To: tejek who wrote (93764)2/17/2000 2:39:00 AM
From: Mani1  Respond to of 1573414
 
Ted Re <<do you think there is considerable performance difference between a 550 and 650. I have to decide which chip I am going to go with......the price difference is about $80. That's not a big deal but I don't know that I need a 650 since I run very few graphics and I never play any of the internet level games.>>

I would pay the extra $80 with 128 MB of ram. You then should be good for 2.5 years. The extra 100 MHz won't make any difference now, but it can delay your next upgrade by 6 months or so.

Mani



To: tejek who wrote (93764)2/17/2000 2:44:00 AM
From: Y. Samuel Arai  Read Replies (1) | Respond to of 1573414
 
Ted: Re: ...do you think there is considerable performance difference between a 550 and 650. I have to decide which chip I am going to go with......the price difference is about $80. That's not a big deal but I don't know that I need a 650 since I run very few graphics and I never play any of the internet level games.

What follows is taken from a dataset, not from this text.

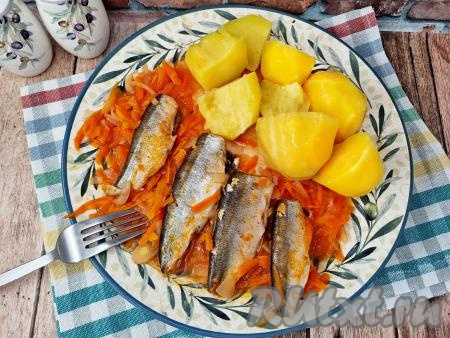 Салака, тушёная с морковью и луком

I know you posed this question for Mani, but for the price difference, I'd go for the 650... better yet get a 550 and get the $85 Afterburner GFD and overclock it to 750-850.
outsideloop.com

I purchased one of their customized systems, and its great! (500 overclocked to 750, 100% guaranteed stable). It has been 100% stable so far. Now they have 550Mhz Athlon systems overclocked up to 800 and even 850Mhz, all guaranteed to be 100% stable.

So I think you could easily OC your 550 to 700+ yourself without problems.

There are other GFD devices out there, but I found Outside Loop's Afterburner GFD to be much more elegant in design with its rotary dials to control voltage and frequency, compared with the dip-switch solution of everyone else.